Top of Material provided
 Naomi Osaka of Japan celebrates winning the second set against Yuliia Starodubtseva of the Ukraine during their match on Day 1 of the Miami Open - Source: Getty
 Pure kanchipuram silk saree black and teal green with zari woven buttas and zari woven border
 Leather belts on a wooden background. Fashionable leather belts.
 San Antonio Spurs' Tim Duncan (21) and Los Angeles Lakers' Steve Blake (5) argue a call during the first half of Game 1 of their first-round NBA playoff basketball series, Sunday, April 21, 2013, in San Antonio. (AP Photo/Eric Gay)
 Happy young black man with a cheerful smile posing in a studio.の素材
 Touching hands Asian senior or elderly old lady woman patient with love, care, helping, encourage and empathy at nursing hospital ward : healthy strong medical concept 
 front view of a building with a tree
Bottom of Material provided
**Activity**
Write the data from above out again, exactly.

**Solution**
 Naomi Osaka of Japan celebrates winning the second set against Yuliia Starodubtseva of the Ukraine during their match on Day 1 of the Miami Open - Source: Getty
 Pure kanchipuram silk saree black and teal green with zari woven buttas and zari woven border
 Leather belts on a wooden background. Fashionable leather belts.
 San Antonio Spurs' Tim Duncan (21) and Los Angeles Lakers' Steve Blake (5) argue a call during the first half of Game 1 of their first-round NBA playoff basketball series, Sunday, April 21, 2013, in San Antonio. (AP Photo/Eric Gay)
 Happy young black man with a cheerful smile posing in a studio.の素材
 Touching hands Asian senior or elderly old lady woman patient with love, care, helping, encourage and empathy at nursing hospital ward : healthy strong medical concept 
 front view of a building with a tree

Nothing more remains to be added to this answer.